The trucks, many of which were transporting Mukula timber, a protected species in Zambia, were impounded by authorities in that country to confirm where the wood was harvested and if the trucking companies were in possession of relevant permits to transport the protected tree species.
The most recent statistics from the Walvis Bay Corridor Group, which is tasked to promote the Walvis Bay-Ndola-Lubumbashi Development Corridor (WBNLDC), indicate that import and export volumes for the Zambian Market via the Port of Walvis Bay grew by 15 percent over the last financial year.
According to the WBCG, these occurrences show significant confidence in the Walvis Bay-Ndola-Lubumbashi Development Corridor, especially the Zambian market.
WBCG CEO Johny Smith noted that compared to the inception of the route more than a decade ago, the Zambian market has achieved a better balance between imports and exports, which has also reduced the costs along this corridor over time.
"A variety of commodities have been established over a period of time to support the balance of imports and exports via the Port of Walvis Bay for the Zambian ,arket", Smith said.
He added that while the impounding of the trucks earlier this year had strained the relationship between Namibia and Zambia, and negatively impacted small and medium enterprises, the two countries have in fact established a cordial and long-term relationship of mutual benefit.
Smith was part of a delegation that accompanied government to Zambia earlier this year to ensure an amicable solution was found to the perceived strained relations.
A follow-up WBNLDC tripartite meeting between the DRC, Namibia and Zambia will take place in Ndola, Zambia early next month.

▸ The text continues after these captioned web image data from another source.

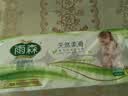 雨森（YUSEN）天然柔滑妇婴无芯卷纸卫生纸166g*12卷2000g*1提手纸厕纸大卷纸 实拍图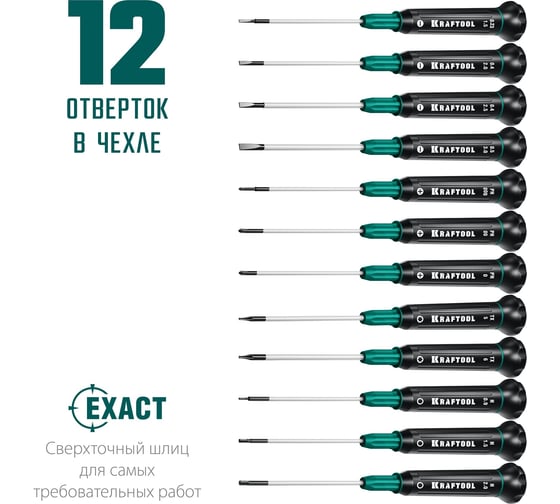 Набор отверток для точных работ 12 шт., KRAFTOOL Precision 12 25689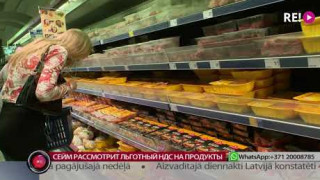 Сейм рассмотрит льготный НДС на продукты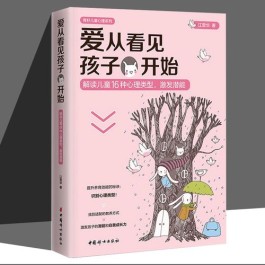 允许孩子慢慢来——读《爱从看见孩子开始》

The body aims to regulate and evaluate the progress concerning full implementation of solutions on the various corridors and to continuously find ways to improve efficiency along this corridor, thereby reducing the cost of trade in SADC.
Meanwhile, apart from the growing Zambian market, the Malawian market has enjoyed an increase of more than 50 percent against the previous year, which also forms part of the WBCNLDC.
"Continuous engagements with various stakeholders from the public and private sector on the WBNLDC remain critical to support the growth and development of this corridor," Smith noted.
The WBNLDC links the Port of Walvis Bay with Zambia, the southern Democratic Republic of Congo (DRC) and Zimbabwe. The Corridor runs via the Zambezi Region in northeastern Namibia and enters Zambia via the Katima Mulilo Bridge.
The WBNLDC was officially opened in 1999. In May 2004, the bridge over the Zambezi River at Katima Mulilo and Sesheke in Zambia was completed, which has been a strategic piece of infrastructure this corridor.
The Corridor stretches over 2,500 km and is supported by a railway line between Walvis Bay and Grootfontein, where trans-shipment facilities are available. As part of its mandate to aid in awareness creation of the Walvis Bay corridors and the Port of Walvis Bay, WBCG opened an office in Lusaka in 2005 to support growth in that market.